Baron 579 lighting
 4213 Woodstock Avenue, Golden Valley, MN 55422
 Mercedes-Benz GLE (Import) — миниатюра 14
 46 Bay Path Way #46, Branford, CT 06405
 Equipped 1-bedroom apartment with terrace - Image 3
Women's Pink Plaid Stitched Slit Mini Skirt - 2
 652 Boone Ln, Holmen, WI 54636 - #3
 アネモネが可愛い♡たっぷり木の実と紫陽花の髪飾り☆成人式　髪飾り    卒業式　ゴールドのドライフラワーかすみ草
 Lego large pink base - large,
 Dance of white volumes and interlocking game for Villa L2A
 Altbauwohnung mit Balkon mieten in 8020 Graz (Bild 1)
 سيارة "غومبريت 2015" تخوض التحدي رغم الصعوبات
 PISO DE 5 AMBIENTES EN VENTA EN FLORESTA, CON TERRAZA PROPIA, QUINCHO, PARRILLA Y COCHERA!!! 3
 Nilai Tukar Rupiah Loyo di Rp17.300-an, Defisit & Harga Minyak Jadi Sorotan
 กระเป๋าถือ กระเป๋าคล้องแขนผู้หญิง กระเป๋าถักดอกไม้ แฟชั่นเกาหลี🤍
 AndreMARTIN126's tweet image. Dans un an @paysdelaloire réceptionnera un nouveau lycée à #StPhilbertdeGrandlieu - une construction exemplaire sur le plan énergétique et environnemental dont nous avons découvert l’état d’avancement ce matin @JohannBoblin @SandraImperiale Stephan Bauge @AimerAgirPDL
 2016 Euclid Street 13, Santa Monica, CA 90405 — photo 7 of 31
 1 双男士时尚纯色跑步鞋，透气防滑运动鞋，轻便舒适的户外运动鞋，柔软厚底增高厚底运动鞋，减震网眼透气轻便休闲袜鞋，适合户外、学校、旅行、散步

____

REQUIRED ACTION:
What is needed is a word-for-word copy of all the material.

SOLVED EXERCISE:
Baron 579 lighting
 4213 Woodstock Avenue, Golden Valley, MN 55422
 Mercedes-Benz GLE (Import) — миниатюра 14
 46 Bay Path Way #46, Branford, CT 06405
 Equipped 1-bedroom apartment with terrace - Image 3
Women's Pink Plaid Stitched Slit Mini Skirt - 2
 652 Boone Ln, Holmen, WI 54636 - #3
 アネモネが可愛い♡たっぷり木の実と紫陽花の髪飾り☆成人式　髪飾り    卒業式　ゴールドのドライフラワーかすみ草
 Lego large pink base - large,
 Dance of white volumes and interlocking game for Villa L2A
 Altbauwohnung mit Balkon mieten in 8020 Graz (Bild 1)
 سيارة "غومبريت 2015" تخوض التحدي رغم الصعوبات
 PISO DE 5 AMBIENTES EN VENTA EN FLORESTA, CON TERRAZA PROPIA, QUINCHO, PARRILLA Y COCHERA!!! 3
 Nilai Tukar Rupiah Loyo di Rp17.300-an, Defisit & Harga Minyak Jadi Sorotan
 กระเป๋าถือ กระเป๋าคล้องแขนผู้หญิง กระเป๋าถักดอกไม้ แฟชั่นเกาหลี🤍
 AndreMARTIN126's tweet image. Dans un an @paysdelaloire réceptionnera un nouveau lycée à #StPhilbertdeGrandlieu - une construction exemplaire sur le plan énergétique et environnemental dont nous avons découvert l’état d’avancement ce matin @JohannBoblin @SandraImperiale Stephan Bauge @AimerAgirPDL
 2016 Euclid Street 13, Santa Monica, CA 90405 — photo 7 of 31
 1 双男士时尚纯色跑步鞋，透气防滑运动鞋，轻便舒适的户外运动鞋，柔软厚底增高厚底运动鞋，减震网眼透气轻便休闲袜鞋，适合户外、学校、旅行、散步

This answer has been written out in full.